In the end, though, I think the issue is complicated and may not be solvable. First of all I think that warfare is very different in different periods, so a ruleset meant to cover multiple periods tends to get tricky. Second, I think that for any 1-1 warfare that you might try to approximate a skirmish system will be the only choice. While it seems like folks would have fought together in something like ranks and files in many periods, the whole idea of maneuver (wheeling, etc.) that comes with true rank and file units comes from nineteenth century historians and their experience with warfare. While I claim only a little knowledge of a fairly narrow period (mostly medieval), it seems that medieval and classical warfare depended to some degree on the "get to the spot and then set up" model of fighting, especially in smaller engagements where a 1-1 representation would be possible.

 

Because of this, a skirmish game seems like what you want, I think, esp. one that allows for folks with spears to attack over/support models in front, and one which rewards getting set up in order to fight (more on this below). The problem is that larger skirmish games tend to move really slowly because each little feller needs to be moved individually, and this takes some time.

 

So: I really like some of the systems in which multiple basing is the rule (Might of Arms, DBx from the few times I have played - a new game produced with Osprey is coming out soon as well), but I want to be able to use my minis both for skirmish games when I can, and for larger engagements when I really want the feel of a large battle.
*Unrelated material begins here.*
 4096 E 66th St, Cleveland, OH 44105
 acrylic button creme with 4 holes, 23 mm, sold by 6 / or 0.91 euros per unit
This is all a long way of introducing the rules I like, which are:

 

Battlelust for small skirmishes (this is actually a fantasy set, but tech level is high medieval and I think it works well for this)

 

Pig Wars for larger skirmishes (but I have found that the rules need both editing/clartifications as well as some reworking, like using dice instead of cards, making formations work for everyone, etc.). I ahve found this to be a fun game and fairly fast even with a bunch of models on the board (mayeb 40-50 per player).

 

WAB for larger games, although _Crusader_ by Crusader minis seems like it has some potential and can use the same basing as WAB (not 1-1, but close enough that it seems to work). WAB is also really well supported, unlike some of the other games, which can be hard to find. I haven't tried it, but I was thinking that this might be more 1-1 with a house rule that every unit can use skirmish formation (but not benefit from other rules for skirmishers).

 

Might of Arms for projected (never tried) larger games: while this uses DBx basing, stands are grouped into units that don't change. As a result, 28mm minis could be used with a standard unit size and you would never have single or double stands running around (i.e. it would looke more like WAB with wider units).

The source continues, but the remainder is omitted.